Scroll untuk baca artikel
Terkini

Ahli Hidrogi Unsoed: Banyak Orang Keliru Memahami Mitigasi Bencana

Redaksi
×

Ahli Hidrogi Unsoed: Banyak Orang Keliru Memahami Mitigasi Bencana

Sebarkan artikel ini

BARISAN.CO – Indonesia terletak pada pertemuan empat lempeng tektonik, yaitu Benua Asia, Benua Australia, lempeng Samudera Hindia, dan Samudera Pasifik yang mengakibatkan sangat rentan terhadap bencana.

Berdasarkan data Badan Nasional Penanggulangan Bencana (BNPB) di tahun 2020 setidaknya telah terjadi 2.925 kejadian bencana alam. Sedangkan per 1 Januari hingga 31 Oktober 2021 telah terjadi 2.208 bencana alam.
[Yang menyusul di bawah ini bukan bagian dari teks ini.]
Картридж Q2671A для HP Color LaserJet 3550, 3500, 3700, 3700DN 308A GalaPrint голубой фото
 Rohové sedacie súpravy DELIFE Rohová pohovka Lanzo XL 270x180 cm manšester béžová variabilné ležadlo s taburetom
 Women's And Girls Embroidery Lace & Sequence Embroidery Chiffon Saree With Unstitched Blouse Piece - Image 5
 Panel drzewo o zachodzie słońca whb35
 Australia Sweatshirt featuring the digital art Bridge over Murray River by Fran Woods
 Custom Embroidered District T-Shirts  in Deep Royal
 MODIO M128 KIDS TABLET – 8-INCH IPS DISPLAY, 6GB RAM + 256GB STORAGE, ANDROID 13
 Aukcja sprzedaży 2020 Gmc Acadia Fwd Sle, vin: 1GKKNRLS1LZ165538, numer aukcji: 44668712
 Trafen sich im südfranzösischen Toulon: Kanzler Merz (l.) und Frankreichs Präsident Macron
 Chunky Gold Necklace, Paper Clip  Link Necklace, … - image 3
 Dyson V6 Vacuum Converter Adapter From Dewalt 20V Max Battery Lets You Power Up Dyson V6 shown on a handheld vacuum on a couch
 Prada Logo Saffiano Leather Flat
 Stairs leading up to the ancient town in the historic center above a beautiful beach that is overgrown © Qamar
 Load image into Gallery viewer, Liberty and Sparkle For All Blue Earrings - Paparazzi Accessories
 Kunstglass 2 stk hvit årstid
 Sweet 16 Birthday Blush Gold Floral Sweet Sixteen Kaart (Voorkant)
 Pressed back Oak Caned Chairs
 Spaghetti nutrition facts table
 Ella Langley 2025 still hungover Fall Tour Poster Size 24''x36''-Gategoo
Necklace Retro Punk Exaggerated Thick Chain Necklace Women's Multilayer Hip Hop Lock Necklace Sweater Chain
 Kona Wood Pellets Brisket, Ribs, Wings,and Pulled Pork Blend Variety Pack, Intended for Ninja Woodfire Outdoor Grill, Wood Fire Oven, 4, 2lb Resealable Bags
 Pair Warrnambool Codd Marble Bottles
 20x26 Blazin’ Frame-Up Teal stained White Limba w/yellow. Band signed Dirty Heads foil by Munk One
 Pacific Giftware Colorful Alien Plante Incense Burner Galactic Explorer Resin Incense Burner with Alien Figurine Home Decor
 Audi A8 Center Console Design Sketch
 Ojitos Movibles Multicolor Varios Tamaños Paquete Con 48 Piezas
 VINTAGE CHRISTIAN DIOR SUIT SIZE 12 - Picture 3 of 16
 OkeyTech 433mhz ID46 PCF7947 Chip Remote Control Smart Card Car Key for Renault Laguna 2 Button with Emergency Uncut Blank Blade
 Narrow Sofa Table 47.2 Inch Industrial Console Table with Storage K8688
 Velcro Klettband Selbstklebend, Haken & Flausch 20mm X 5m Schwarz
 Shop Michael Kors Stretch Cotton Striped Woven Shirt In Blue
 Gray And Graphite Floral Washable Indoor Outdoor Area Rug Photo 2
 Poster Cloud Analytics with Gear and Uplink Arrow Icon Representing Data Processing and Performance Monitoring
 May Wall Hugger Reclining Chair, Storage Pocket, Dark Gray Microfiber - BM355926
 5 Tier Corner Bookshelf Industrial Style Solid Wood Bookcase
Dalam webinar yang diselenggarakan oleh Fodiska, ahli hidrologi, Yanto, Ph. D mengatakan meski hidup di daerah rawan, masih banyak orang keliru memahami mitigasi bencana. Menurut Yanto, bahkan sekelas website Kementerian Parawisata dan Ekonomi Kreatif (Kemenparekraf) menuliskan bahwa mitigasi itu dari tanggap darurat hingga kemudian normalisasi.

“Kemudian tadi saya sempat baca, mitigasi gempa bumi misalnya, media online menulis kalau terjadi bencana seperti apa,” kata Yanto, Kamis (18/11/2021).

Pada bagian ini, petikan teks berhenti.